Ayant habité à Montréal quand il avait de 16 à 20 ans, il a déridé la foule quand il a dit qu'Halak, le gardien des Canadiens avait un nom qui pouvait se prononcer en arabe, en hébreu, en grec ou en québécois. Il a ensuite fait celui qui fait semblant d'avoir mal. «Comme Maxime Lapierre!»

Juif d'origine marocaine, âgé de 39 ans, parlant autant l'arabe que l'hébreu, il a joué sur nos façons de s'exprimer, notamment cette Marocaine qui lui a dit, pour le complimenter, «vous nous avez pissé de rire!» «Je suis ravi d'avoir fait pisser tout le monde!», a-t-il dit.

Il s'est aussi gentiment moqué du parler local. «Pourquoi vous ne prononcez pas la fin de certains mots? Le mécanisss, le dentisss, le nationalisss. Vous faites quoi avec les lettres qui manquent? Vous les recyclez? Les t-e, on les met à ici et ça fait icitte?»

Papa est en haut est une succession de plaisanteries sur nos façons de vivre, les relations entre hommes et femmes, le vieillissement, nos habitudes, le ronflement, l'homme qui se lève la nuit pour aller aux toilettes («tu reviens?», demande la femme. «Évidemment!
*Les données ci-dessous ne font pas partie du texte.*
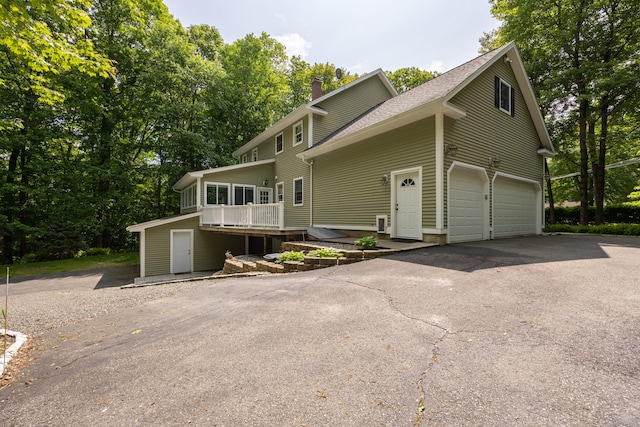 155 Garrigus Ct, Wolcott, CT 06716 - view of front facade with driveway, a chimney, a wooden deck, and an attached garage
Tu penses que je m'en vais danser toute la nuit?»).

Gad Elmaleh nous gratifie de quelques sauts, marche en imitant un Français maniéré, fait le père qui court après son fils, joue du piano, chante une berceuse à la guitare en caricaturant Francis Cabrel. Et revient de temps en temps avec des allusions sur ses racines. «Utilisant les rais de lumière qui l'entourent, il lance: «Y'a beaucoup de fumée ici, c'est mon frère qui fait des merguez derrière!»

Il improvise, parle aux spectateurs qui l'interpellent. Beau moment quand il raconte que son fils de neuf ans lui a demandé «quand je serai un papy, toi tu seras quoi?» Un spectateur a crié «Papa est en haut». Gad Elmaleh lui a demandé son prénom et lui a dit: «c'est beau ce que tu as dit, Adam».

Parfois, il devient émouvant, glisse un message. «Vous nous avez envoyé bien des chanteurs. Vous avez gardé les meilleurs. Ils sont où les poètes?» Il raille les chanteurs français qui fredonnent sans articuler, et critique les berceuses qui ont mal vieilli: «j'ai du bon tabac dans ma tabatière» devient «j'ai du bon pot dans ma popotière».

Surprise, Martin Matte vient le rejoindre sur scène. S'ensuit un échange de bitcheries, Matte étant plus à l'aise dans cet exercice.

Comédien de théâtre et acteur de cinéma, Gad Elmaleh aime être sur scène. Il se nourrit d'applaudissements. Parfois, on sent un décalage culturel entre ce qu'il dit et nos perceptions d'ici. Mais comme l'a exprimé Roch Voisine après le show, «mettre tout le monde au diapason pendant deux heures, ce n'est pas facile».

Son show interactif est stylé, intelligent, humaniste. Il se démarque des humoristes qui choisissent la facilité et construit une prestation à saveur universelle qui touche un large public. Ce n'est pas pour rien que Gad signifie joie en hébreu. «Il a tous les talents», a réagi le fondateur du Festival international de jazz de Montréal, Alain Simard.

À la fin du spectacle, il a remercié les gens qui ont compté pour lui et rappelé qu'il a débuté sa carrière au Cabaret Juste pour rire le 10 décembre 1994, alors que son ami Michel Azoulay lui avait recommandé d'aller dire à un public ce qu'il racontait lors de repas.

«À Montréal, je suis allé à l'école de la vie, a dit Gad Elmaleh. Je suis très attaché au Québec. Et ce n'est pas derrière ce coin, là, dans les coulisses, que c'est spécial, c'est ici, sur scène. Et n'oubliez jamais que c'est grâce à vous.»